On a broader note, the standard narrative for both prohibition and women’s suffrage is that after years of agitation, both efforts finally bore fruit nationally in the period 1919-1920. The war helped accelerate both social efforts. During the First World War, many voices demonized alcohol production because it directed labor, grain, and coal away from the war effort—and because the beer industry was dominated by people with German names. We have forgotten that in late-1918, in Pennsylvania and beyond, the alcohol industry was hit with hammer blows by public health officials who closed saloons and banned alcohol sales as an anticrowd measure in the face of the epidemic of flu. In Pittsburgh, the fight over alcohol sales involved military officials and threats of a near-martial law. The alcohol industry lost a great deal of sympathy during the epidemic. In the case of women’s suffrage, a long, bitter fight for the right to vote was pushed to a quicker successful conclusion by the war. Perhaps the flu epidemic offered national sentiment a final shove. Hundreds of thousands of women volunteered in emergency hospitals during the epidemic. Many were middle class and unacquainted with blood and pus and the sounds and sights of dying. Across Pennsylvania, newspapers, politicians, and civic leaders lauded the work of the state’s women and memorialized those who died with a prominence never before seen in American history.   

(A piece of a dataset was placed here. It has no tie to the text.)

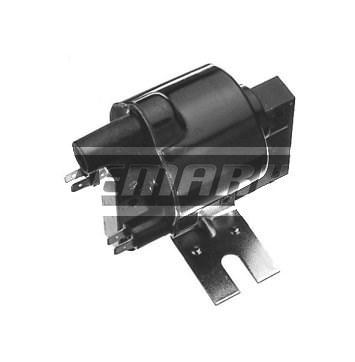LEMARK DRY IGNITION COIL CP194 Replaces 7588435,11897,XIC8342,1.970.102,880025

I really don’t know—nobody knows—whether the video of George Floyd would have sparked the response it did in the absence of COVID-19. But if the response to systemic racism continues, we might look back on a moment, in the midst of pestilence, when certain things changed in our society. I can’t predict exactly how America will change after COVID-19 fades, but if the history of epidemics teaches us anything, then changes are afoot.